剥夺政治权利终身时,旁听席响起压抑的啜泣。有受害者家属,有曾被威胁的证人,也有当年被迫沉默的基层干警。
林晚坐在证人席,始终安静。
只有陈砚舟注意到,当法警给周临川戴上手铐时,她左手无名指,极其轻微地蜷缩了一下——那里,曾经戴着一枚同款铂金戒。
判决生效后第七天,林晚来到市检东门。
陈砚舟已在等候。他没穿制服,是件深蓝色针织开衫,袖口微卷,露出一截结实的小臂。他递来一个牛皮纸袋。

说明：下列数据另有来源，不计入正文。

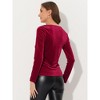 Allegra K Women's Velvet Sweetheart Neck Elegant Long Sleeves Blouses - 4 of 4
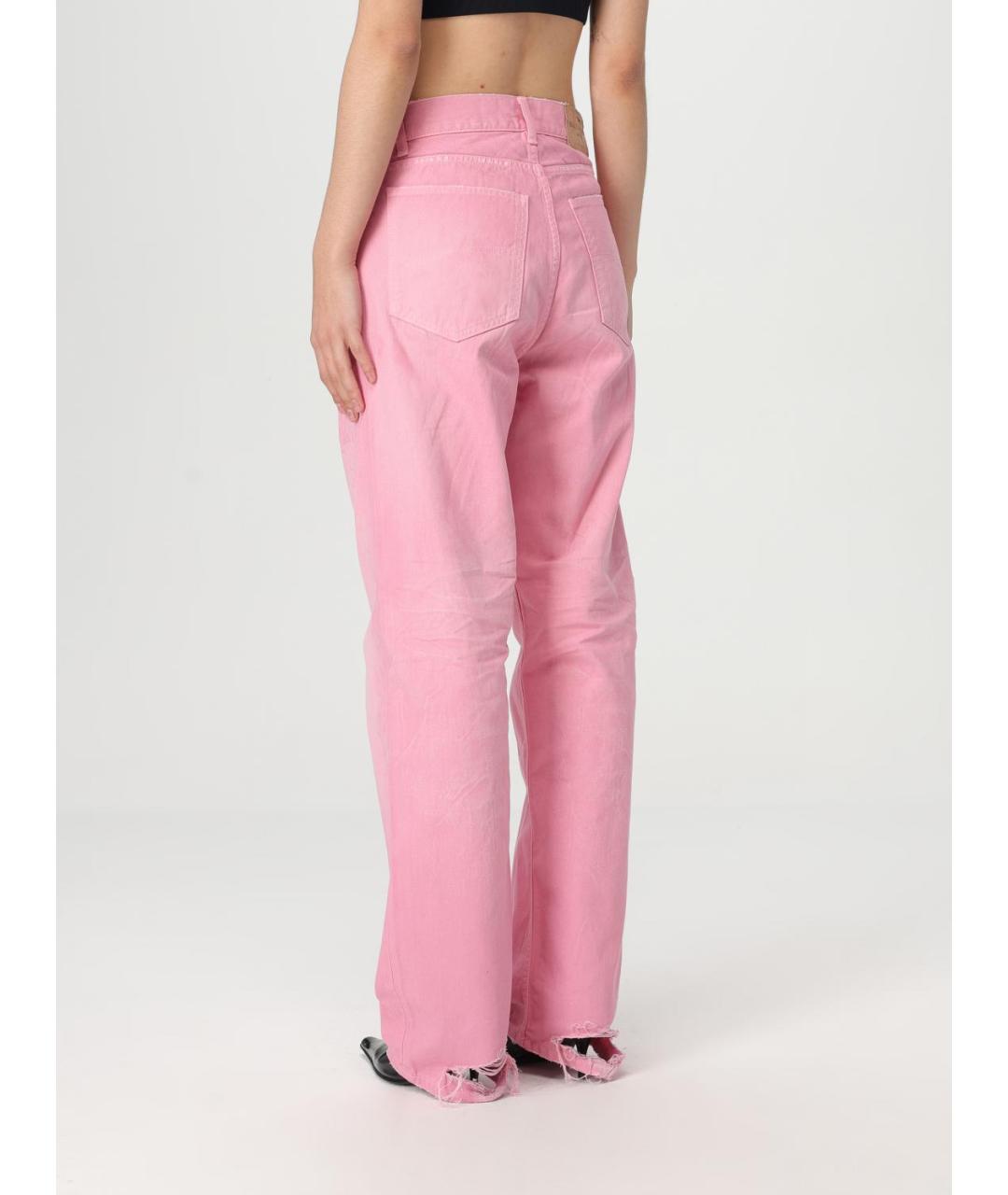 BALENCIAGA Розовые хлопковые прямые джинсы, фото 2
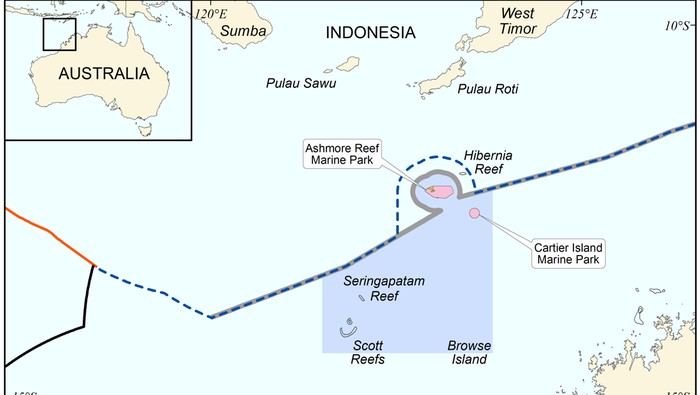 Peta Australia, terlihat Pulau Pasir atau Ashmore and Cartier Islands masuk teritori Australia. (Dok Otoritas Manajemen Perikanan Australia)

“《证人保护计划》终审通过。”他说,“‘证人071’的身份注销。你可以选择:移民海外,或在国内启用全新身份,由国家提供十年生活保障与职业培训。”
林晚接过袋子,没打开。“陈检察官,我有个请求。”
“说。”
“我想见周临川一面。在死刑复核裁定下达前。”
陈砚舟沉默几秒,点头:“可以。但必须有法警在场,全程录音录像。”
会见室冰冷。周临川穿着橘色囚服,手铐脚镣俱全,却依旧挺直脊背,像一柄入鞘的刀。他看见林晚,竟笑了笑:“晚晚,你来送我?”
“不是送。”她坐下,将牛皮纸袋推过桌面,“是还你一样东西。”
袋子里,是那枚铂金戒指。内圈刻着细小的“Z&L2019.4.12”——他们初遇的日子。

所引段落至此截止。